The design process on our projects we start now should have little resemblance to those of a few years ago. I think most of us are used to creating mock-ups without possessing content but we shouldn’t deliver PSD promises, we’re problem solvers and making assumptions is anti-responsive design; there will be plenty of times when things just don’t work.

Gathering and forcing content into strict moulds, or causing a rush to fill an agreed sitemap will only aggravate relationships between designers, developers and clients and introduce sloppy bodges to plaster over increasingly large cracks.

The industry shift towards responsive web design is forcing us to try out new project strategies to find something better than the “template-and-fill” approach of old. Although there is no authoritative answer on the best process one thing has become very clear; we can only design interfaces, user journeys and solve problems based on good content structure.

You can create good experiences without knowing the content. What you can’t do is create good experiences without knowing your content structure. What is your content made from, not what your content is.

There are few projects where content is provided up-front but I think that most pages can be divided into one of three fundamental categories: presentational, content listing or single content piece. Using a tool such as Gather Content it is easy to define the types of content that make these blocks which in turn should help define the organisation of the sitemap.
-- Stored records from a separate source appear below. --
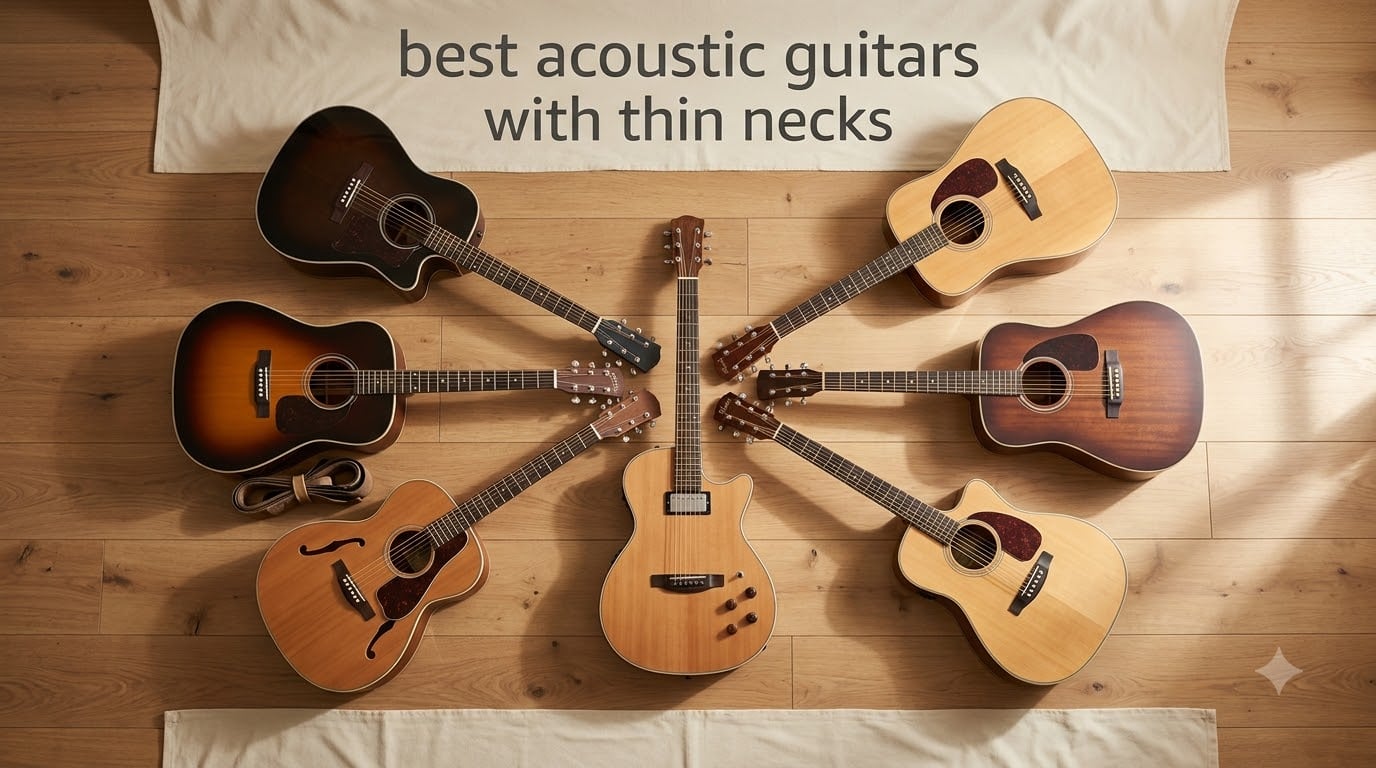 best acoustic guitars with thin necks
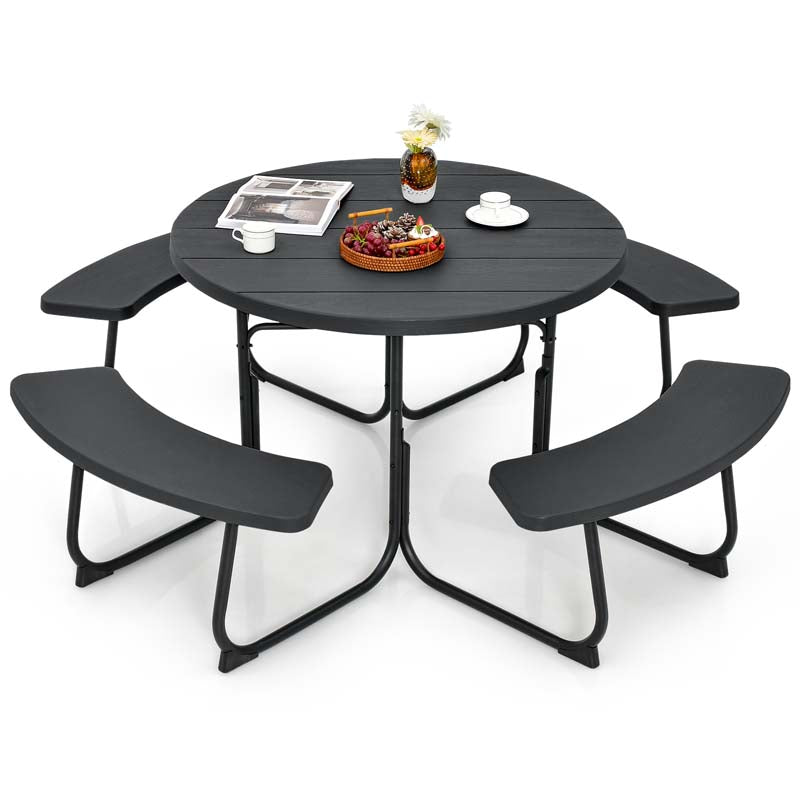 8 Person HDPE Outside Table & Bench Set, Outdoor Round Picnic Table with 4 Built-in Benches, Umbrella Hole, Metal Frame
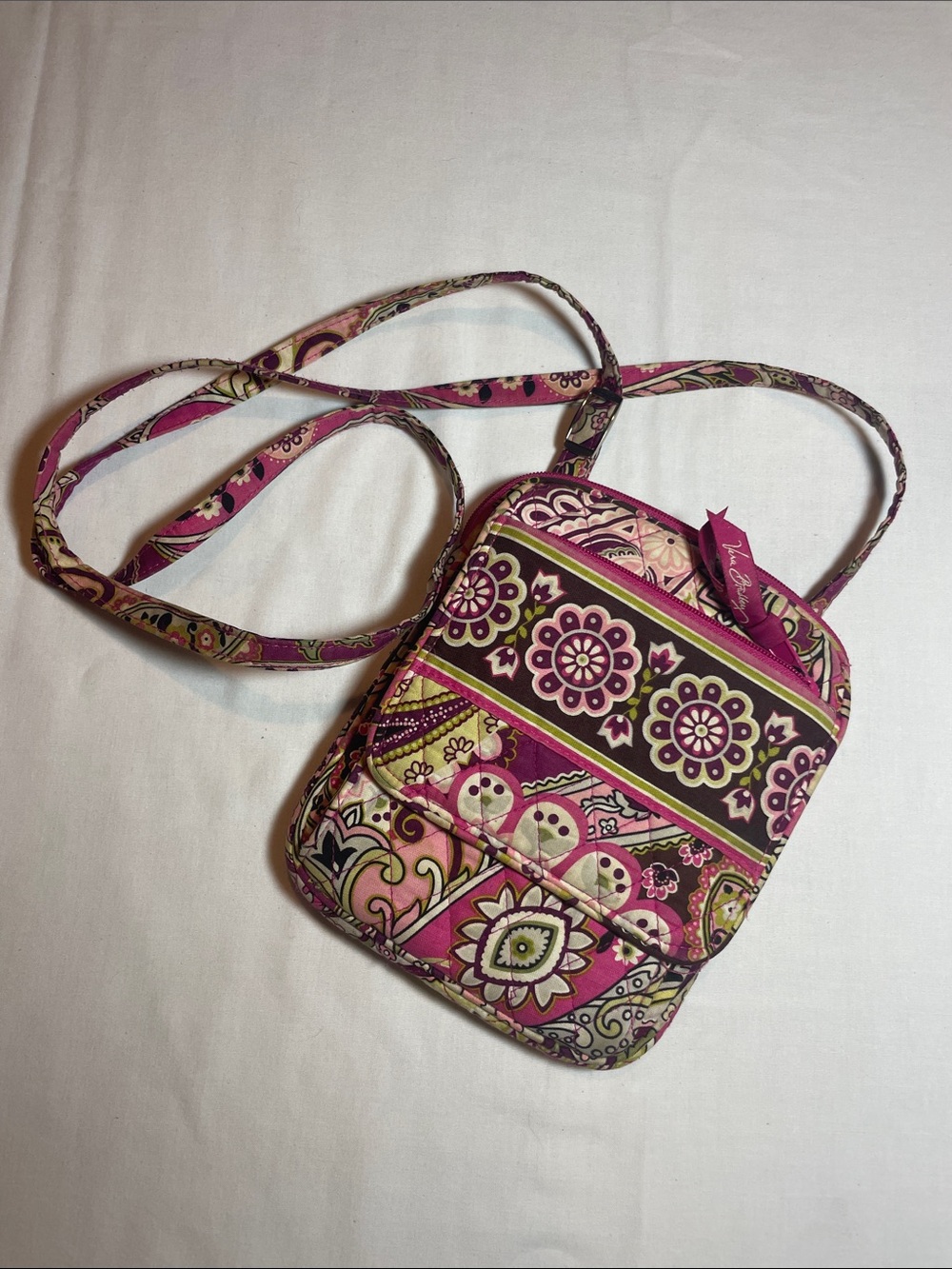 Vera Bradley Pink Paisley Patterned Crossbody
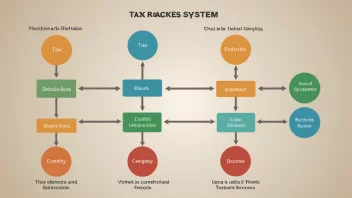 En illustrasjon av et skattesystem med ulike komponenter.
Following this it’s useful to delegate responsibilities for managing each content section and calculate the pre-requisites they’ll need, printing out a binder of required content will literally add weight to the importance of content strategy and make everybody’s work less assumptive. Setting the client’s expectations early-on for how much work they’ll need to do will enable both parties to set priorities and reduce friction as the project progresses. Win, win and win.

Constructing hierarchical, well-structured documents that can be re-flowed to suit different screen sizes is new and it is hard. We don’t have the experience or tried-and-tested tools to categorically state what will work, we can only decide in-browser, with users and not in Photoshop. We know a lot of our tools are not powerful enough–we can’t visually re-order a page as we’d like quite yet–and we shouldn’t theorise about the capabilities of browsers we’ll see in the near-future. Content is the only constant and it is not appropriate nor future-proof to think about anything else first.